Merge pull request tensorflow#51094 from benbarsdell:gpu-war-radix-sort-sparse-segment-reduce-grad

tensorflower-gardener · tensorflower-gardener · commit 8cca9d147a52 · 2021-08-11T11:23:08.000-07:00
PiperOrigin-RevId: 390177302
Change-Id: Idd8e881b54b6a3693de0471df9cee106498162b0
diff --git a/tensorflow/core/kernels/gpu_prim_helpers.h b/tensorflow/core/kernels/gpu_prim_helpers.h
@@ -24,6 +24,7 @@ limitations under the License.
 #include "tensorflow/core/kernels/gpu_prim.h"
 #include "tensorflow/core/lib/core/status.h"
 #include "tensorflow/core/util/gpu_kernel_helper.h"
+#include "tensorflow/stream_executor/stream.h"
 
 namespace tensorflow {
 
@@ -57,6 +58,36 @@ Status GpuRadixSort(OpKernelContext* context, int size, const Tkey* keys_in,
                     const Tindex* indices_in,  // Optional
                     Tindex* indices_out, int num_bits = sizeof(Tkey) * 8) {
   if (size == 0) return Status::OK();
+  if (num_bits == 0) {
+    // Workaround for CUB failing when begin_bit = end_bit = 0 (e.g., when all
+    // keys are 0, so no sorting is needed).
+    se::Stream* stream = context->op_device_context()->stream();
+    if (keys_out) {
+      // Copy keys_in to keys_out.
+      size_t num_bytes = size * sizeof(Tkey);
+      se::DeviceMemoryBase src(const_cast<Tkey*>(keys_in), num_bytes);
+      se::DeviceMemoryBase dst(keys_out, num_bytes);
+      if (!stream->ThenMemcpy(&dst, src, num_bytes).ok()) {
+        return errors::Internal("Failed to copy keys_in to keys_out");
+      }
+    }
+    if (indices_in) {
+      // Copy indices_in to indices_out.
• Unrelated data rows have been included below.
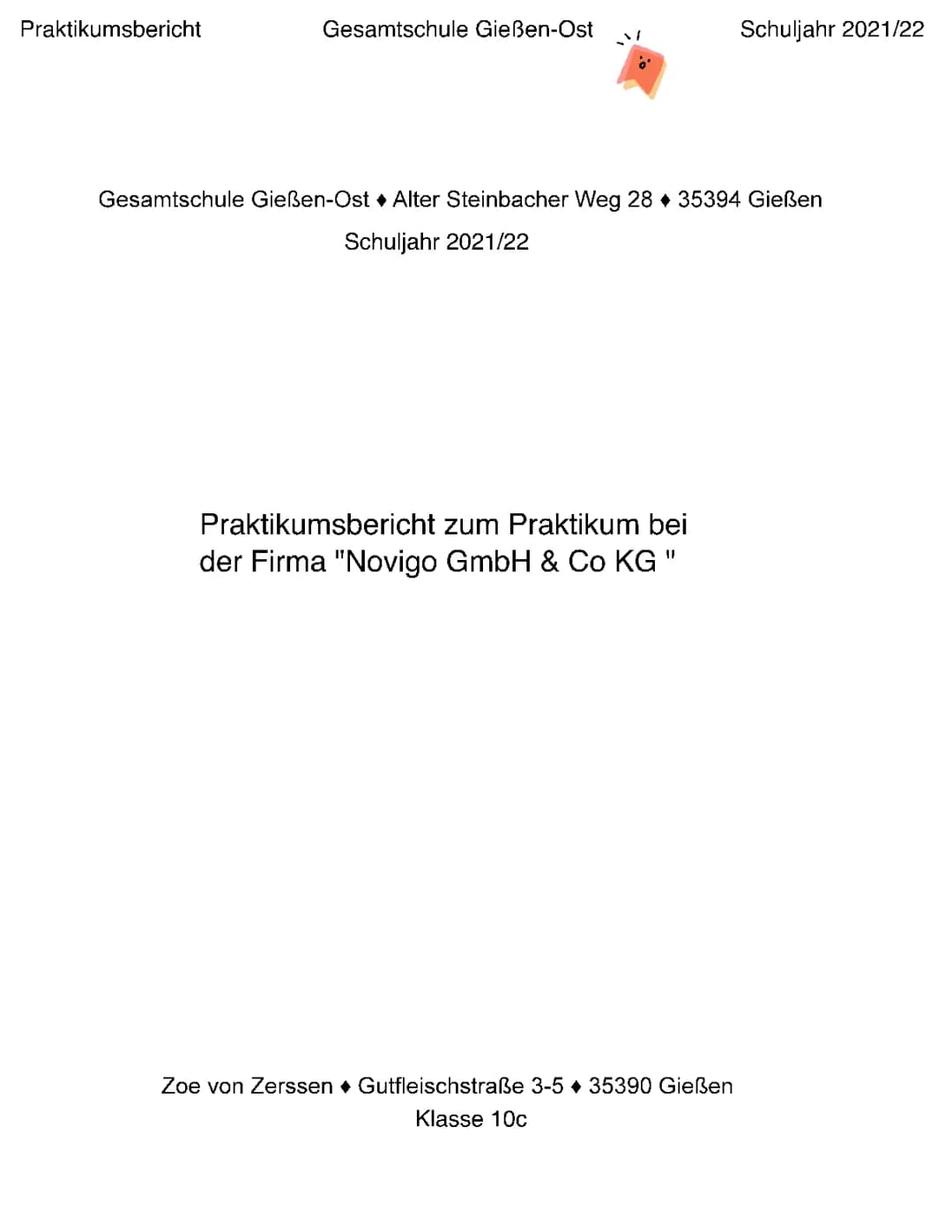 Mein Praktikumsbericht: Erfahrungen bei Novigo GmbH in Gießen-Ost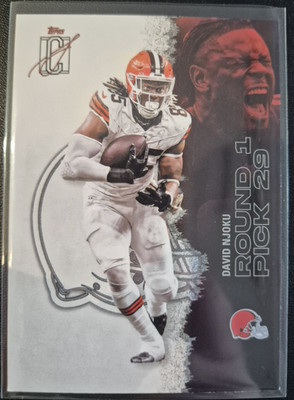 David Njoku   Cleveland Browns - 2025 Topps Signature Class NFL Card #71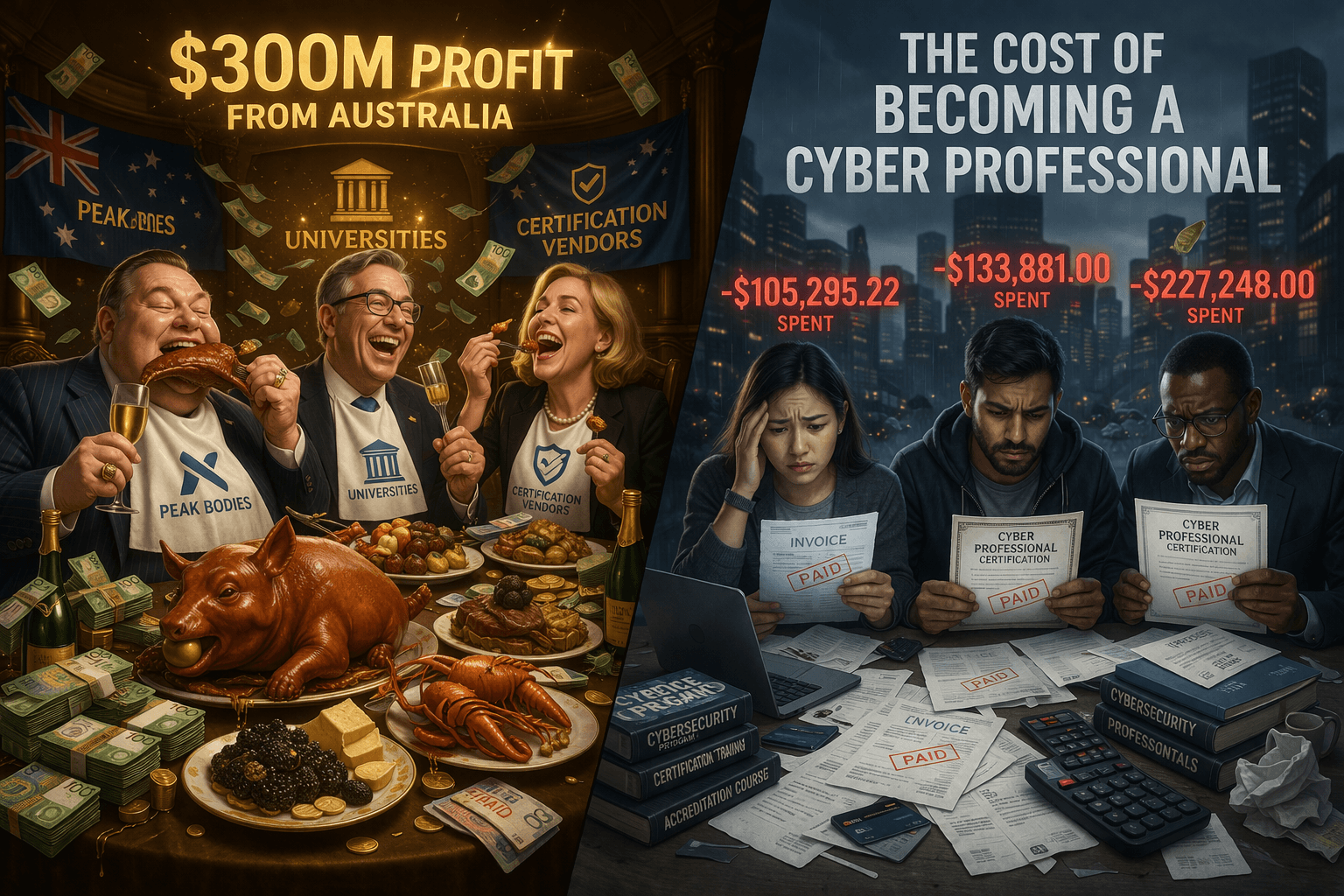 Would you pay $105,295.22 to be called a Chartered Cyber Security Professional?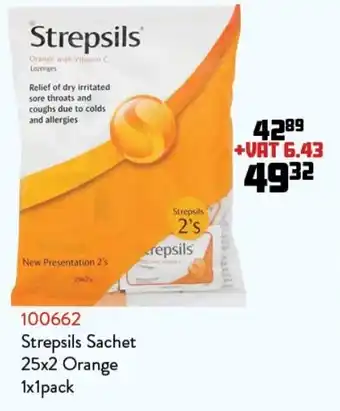Strepsils Sachet 25x2 Orange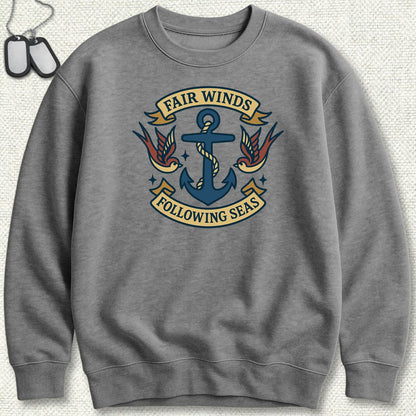Tattoo - Fair Winds Sweatshirt - Graphite Heather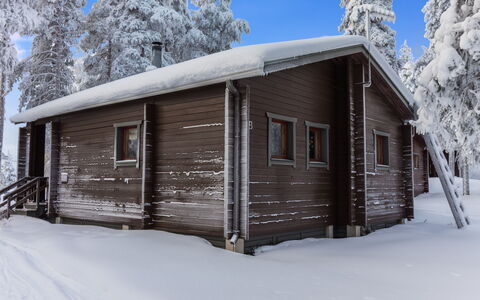Kelokaltiokylä Mökki 58: Bois, Neige, Chalet, Maison, L'Hiver, Toit, Domicile, Siding, Cabane En Rondins, Gelé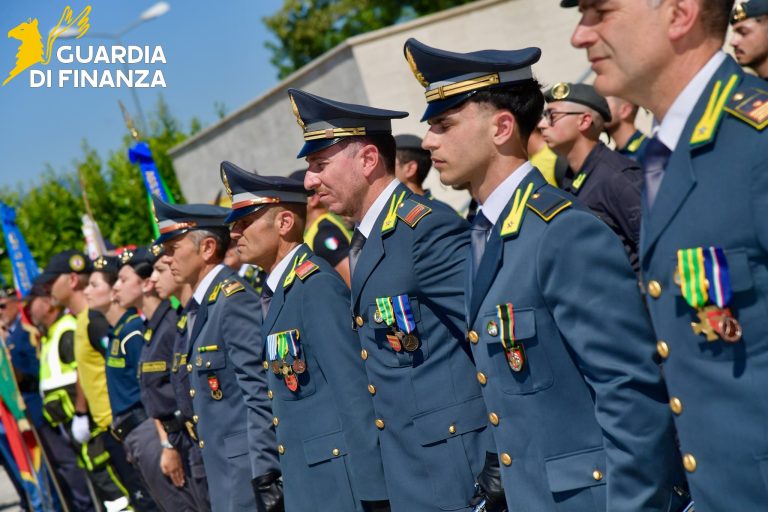 La Guardia di Finanza di Rieti ha festeggiato i 252 anni dalla fondazione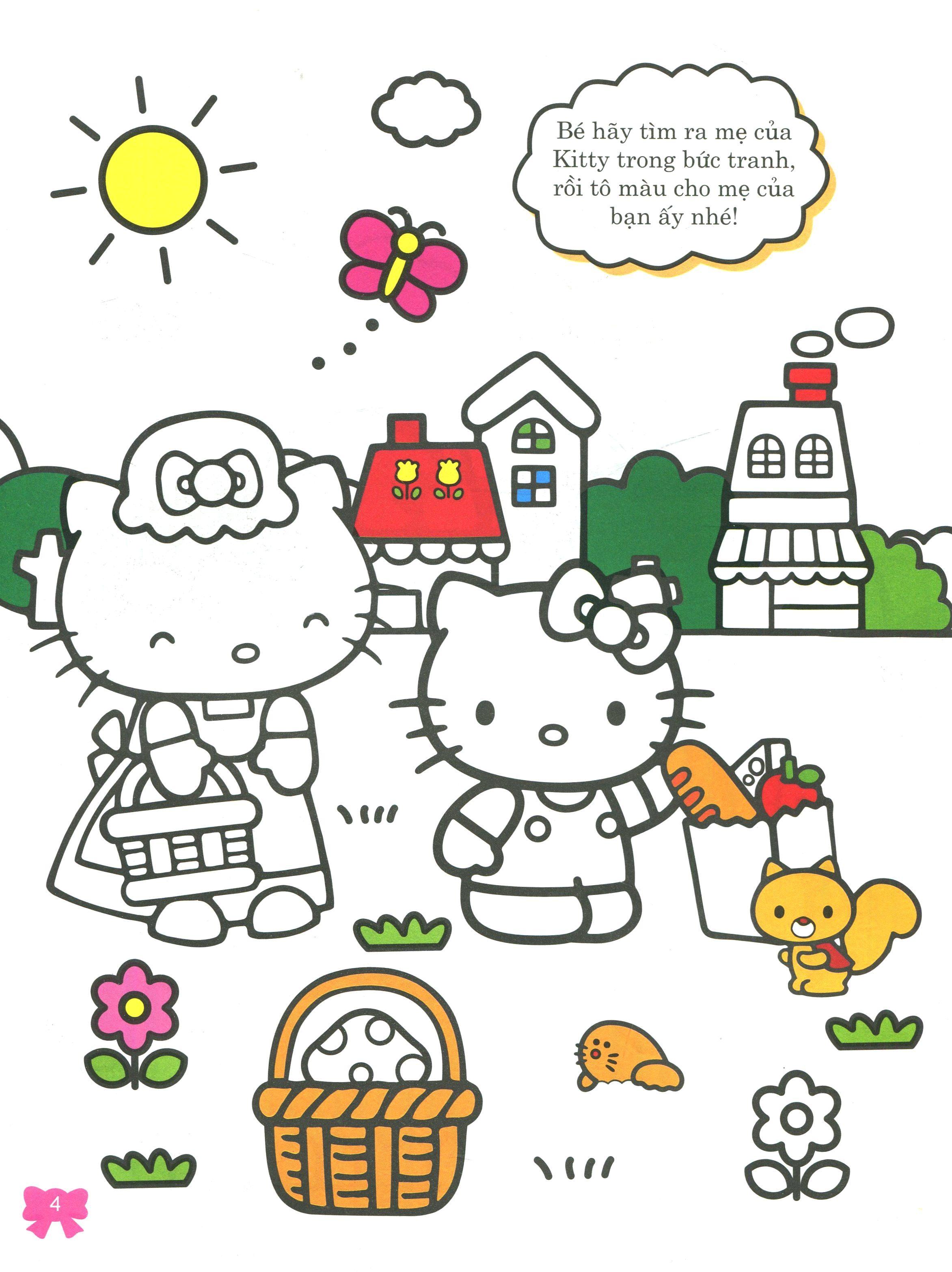 Rèn Luyện Khả Năng Tập Trung - Hello Kitty
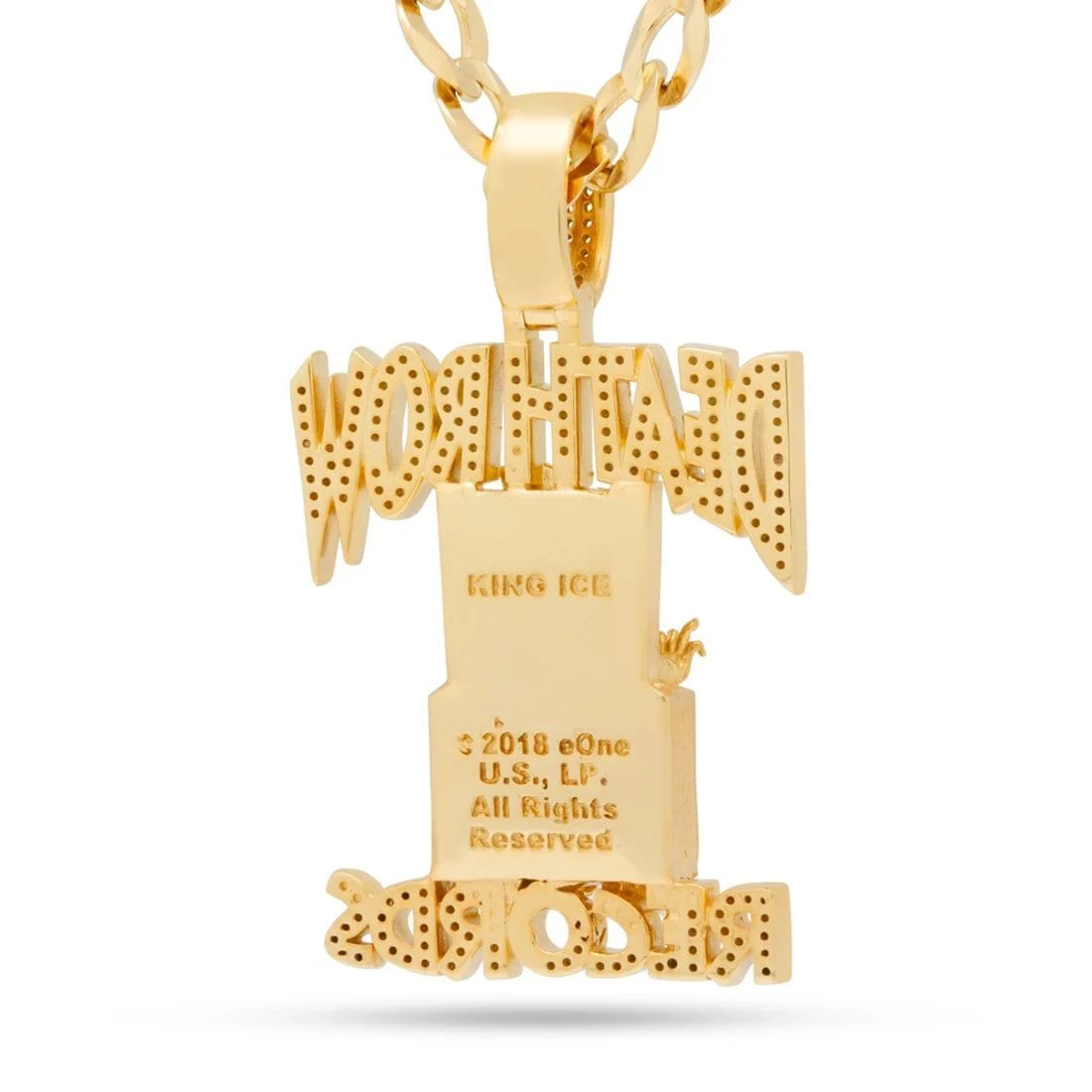 Death Row Records x King Ice - Solid Gold Iced Logo Necklace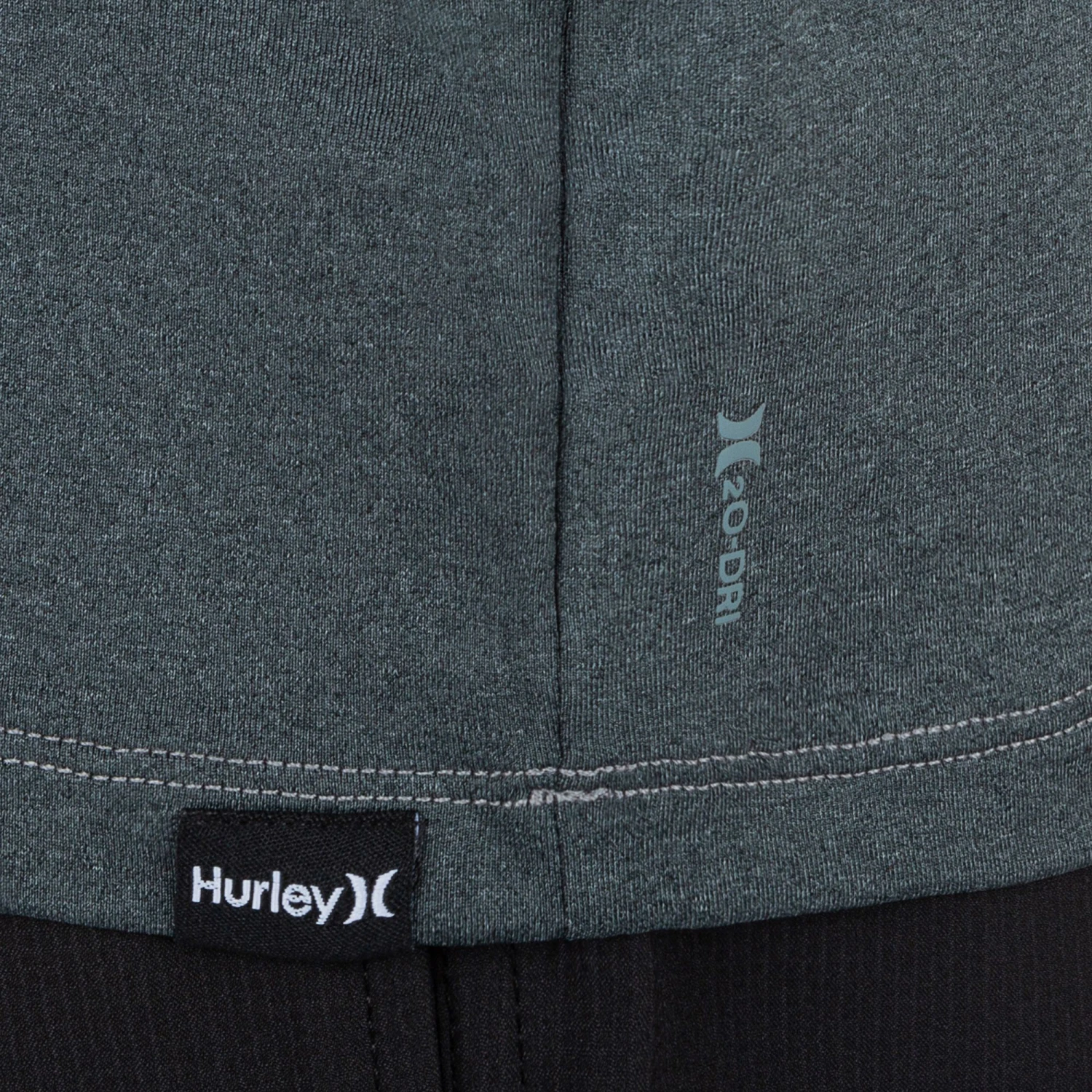 Hurley Men's H2O-Dri Easton Good Bait Rashguard For Men Smoke Grey 7 Hurley Men's H2O-Dri Easton Good Bait Rashguard For Men Smoke Grey - Image 5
+      size_t num_bytes = size * sizeof(Tindex);
+      se::DeviceMemoryBase src(const_cast<Tindex*>(indices_in), num_bytes);
+      se::DeviceMemoryBase dst(indices_out, num_bytes);
+      if (!stream->ThenMemcpy(&dst, src, num_bytes).ok()) {
+        return errors::Internal("Failed to copy indices_in to indices_out");
+      }
+    } else {
+      // Set output indices to range.
+      const Eigen::GpuDevice& device =
+          context->eigen_device<Eigen::GpuDevice>();
+      TF_RETURN_IF_ERROR(detail::RangeInit(device, Tindex(0), Tindex(1),
+                                           Tindex(size), indices_out));
+    }
+    return Status::OK();
+  }
   // Allocate temporary inputs/outputs if necessary.
   Tensor tmp_indices_in;
   if (!indices_in) {
diff --git a/tensorflow/core/kernels/gpu_prim_helpers_test.cu.cc b/tensorflow/core/kernels/gpu_prim_helpers_test.cu.cc
@@ -271,6 +271,38 @@ TEST_F(GpuPrimHelpersTest, GpuRadixSort_WithNumBits) {
   test::ExpectTensorEqual<int32>(expected_indices_out, *GetOutput(1));
 }
 
+TEST_F(GpuPrimHelpersTest, GpuRadixSort_WithNumBitsZero) {
+  // Check that num_bits=0 is handled correctly.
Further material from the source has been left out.